The problem is that many of these organizations synchronize their authoritative, on-premises AD up to Azure AD in the cloud, where Office 365 and other cloud computing apps use it for authentication and authorization.

That means that any security flaws in the original, on-premises Active Directory — long-inactive user accounts, excessive delegated permissions, unauthorized users making membership changes to sensitive groups — become flaws in the Azure AD’s security. When Azure AD is not secure, Office 365 is not secure.

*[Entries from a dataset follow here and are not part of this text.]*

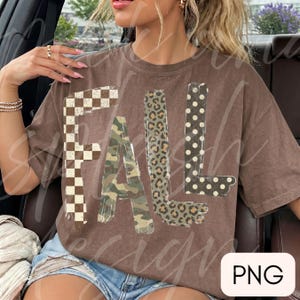 May include: A brown short-sleeve t-shirt featuring the word FALL printed in large letters. Each letter has a distinct pattern: the F is a brown and white checkerboard, the A is camouflage, the L is leopard print, and the L is black with white dots.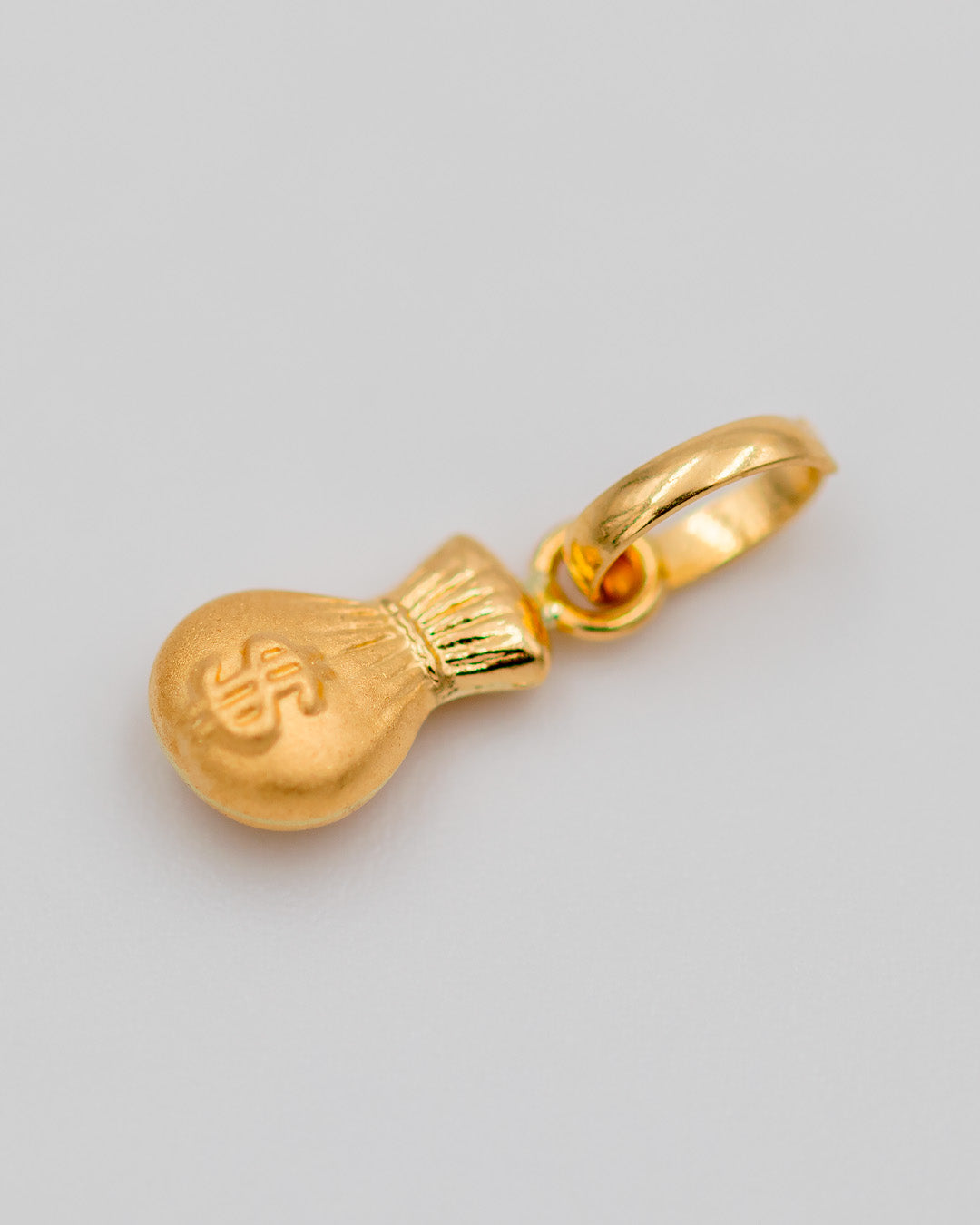Dije Bolsa De Dinero Toquelada, Oro Amarillo 18k - 0,3 gr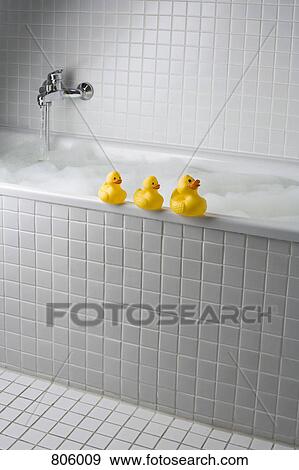 A bubble bath with rubber ducks on side of tub View Large Photo Image Stock Photo - A bubble bath with rubber ducks on side of tub. Fotosearch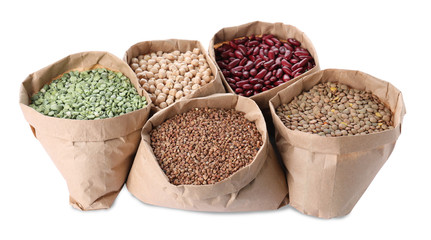 Different types of legumes and cereals in paper bags on white background. Organic grains
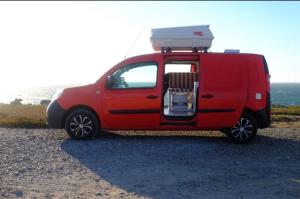 una camioneta roja estacionada al costado de la playa en Surf & love, en Cabanas de Tavira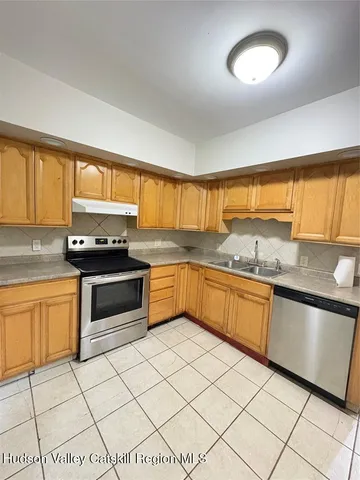 a kitchen with stainless steel appliances granite countertop a sink and cabinets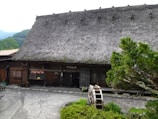 A traditional wooden building with a thatched roof is set in a rural environment. The structure has a rustic appearance and features a small wooden waterwheel in front. The surrounding landscape includes lush greenery and trees, creating a serene and natural atmosphere.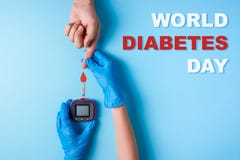 De diabetesdag van de inschrijvingswereld, Verpleegster die een hand van de bloedonderzoekmens ` s met rood bloed dalen en Glucos stock fotografie De diabetesdag van de inschrijvingswereld, Verpleegster die een hand van de bloedonderzoekmens ` s met rood bloed dalen en Glucos stock fotografie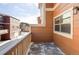 Exterior shot showcasing a balcony with weathered wood and views of neighboring townhomes at 18189 E Saskatoon Pl, Parker, CO 80134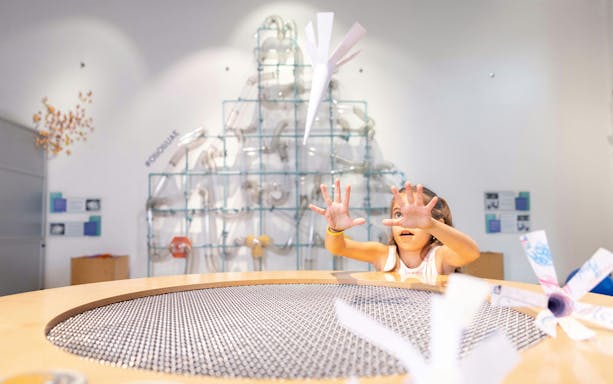 Child interacting with paper plane exhibit at OliOli Children's Museum.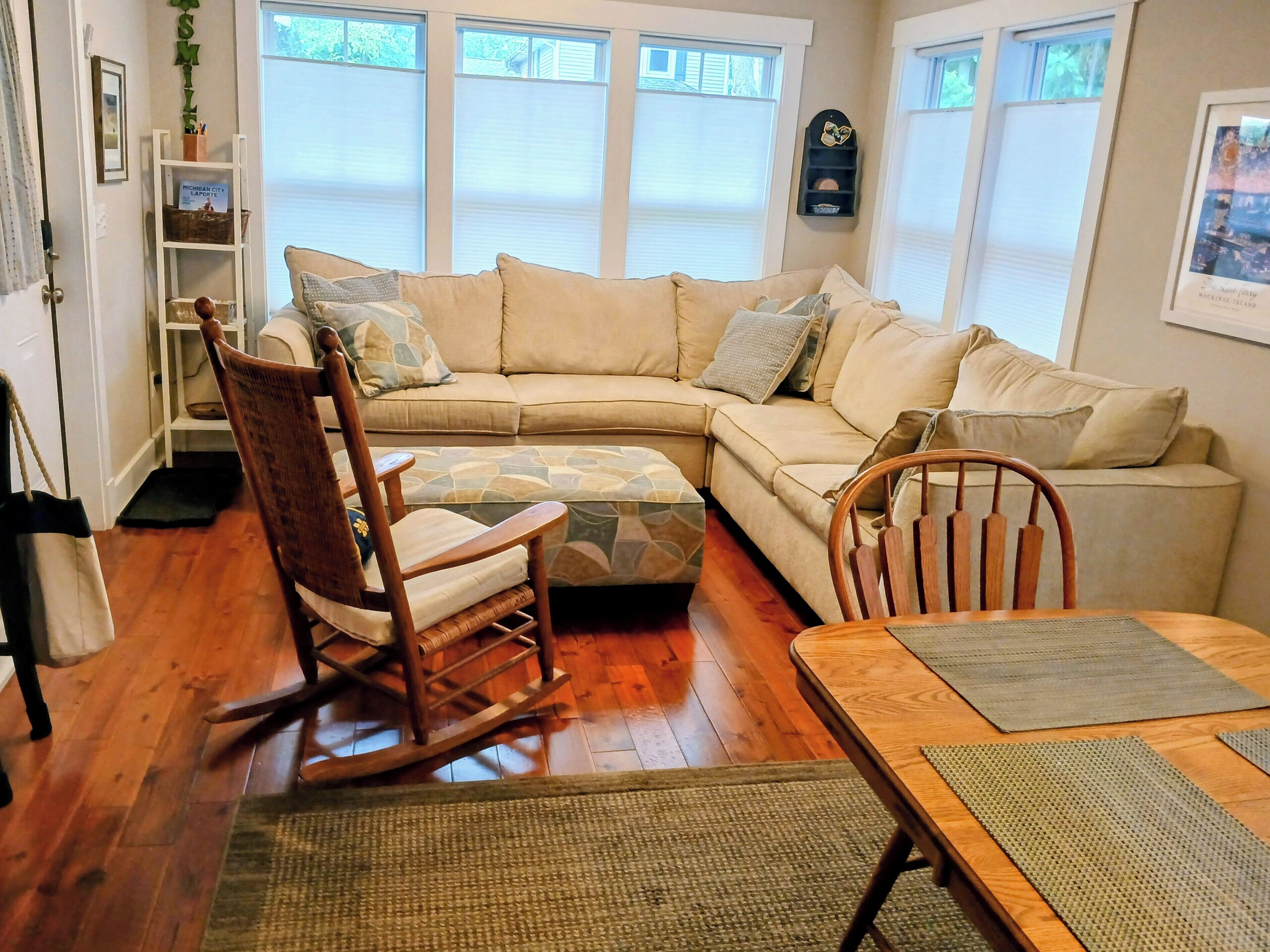 A cozy living room with a beige sectional sofa, a wooden rocking chair, and a dining table with a placemat.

Running a hybrid configuration of on-premises and cloud-based apps is already a big leap for any IT department. Adding the possibility that on-premises security problems are being synchronized up to Azure AD and contributing to a data breach is not the kind of thing that gives them warm fuzzies.

Enter Captain AD

“So I was sitting at my desk one day reading a paper called Azure Active Directory and Office 365 Security from Dell,” he explained. “It’s a deep dive into strengthening the weakest link in a hybrid AD environment like ours, by protecting access to on-premises AD. I printed out the paper and was still reading it in the elevator down to the data center to try out some of the steps in the Dell approach. When the elevator doors opened in the basement, I was wearing the Captain AD outfit: the tights, the hood, the mask. The whole nine yards.”

“Pretty amazing. But, is there anything the rest of us can do to help you make our hybrid cloud a safer place?”

Captain AD thought for a moment. “Sure. Read the paper from Dell. It’s called Azure Active Directory and Office 365 Security. You’ll learn what it means to be both on-premises and in the cloud, and you’ll step through a detailed scenario of how poor AD security can lead to a data breach and an insider trading scandal.”

“OK. Should I read it in the elevator?”

“Sure,” he said, getting up to leave. “We can never have too many superheroes around here. Even half superheroes.”